In deze zaak heeft [verzoekster], een bejaardenverzorgster, een verzoek ingediend tot ontbinding van haar arbeidsovereenkomst met de Stichting Huize Zr. G.M. Sproest, na een geschil over haar ontslag en achterstallig loon. De verzoekster was sinds 1 augustus 2019 in dienst en had te maken met verschillende waarschuwingen van de Stichting. De Stichting beëindigde de arbeidsovereenkomst op 22 december 2020, met als reden dat verzoekster haar diploma niet had overgelegd, wat volgens de Stichting een ontbindende voorwaarde was. Verzoekster betwistte de geldigheid van het ontslag en vroeg om doorbetaling van haar loon en vergoeding van achterstallige betalingen.

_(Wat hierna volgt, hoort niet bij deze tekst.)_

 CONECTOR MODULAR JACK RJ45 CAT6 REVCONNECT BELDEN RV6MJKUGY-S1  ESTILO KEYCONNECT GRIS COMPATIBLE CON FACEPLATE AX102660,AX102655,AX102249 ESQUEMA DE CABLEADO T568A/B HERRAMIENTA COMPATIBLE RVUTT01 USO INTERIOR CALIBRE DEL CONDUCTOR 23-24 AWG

Tijdens de zitting op 19 augustus 2021 werd het verzoek behandeld, waarbij beide partijen hun standpunten naar voren brachten. De rechter oordeelde dat het ontslag nietig was, omdat de Stichting niet voldoende had aangetoond dat er sprake was van een dringende reden voor ontslag op staande voet. De rechter oordeelde ook dat verzoekster recht had op doorbetaling van loon, maar matigde dit tot een periode van drie maanden, gezien de omstandigheden van de zaak. De arbeidsovereenkomst werd voorwaardelijk ontbonden zonder vergoeding, omdat de Stichting geen vertrouwen meer had in de integriteit van verzoekster door het uitblijven van haar diploma.
De rechter besloot dat de Stichting aan verzoekster een bedrag van NAf 6.133,49 moest betalen, vermeerderd met wettelijke rente, en dat verzoekster kosteloos mocht procederen. De proceskosten werden gecompenseerd, waarbij iedere partij zijn eigen kosten droeg. De beschikking werd op 9 september 2021 in het openbaar uitgesproken.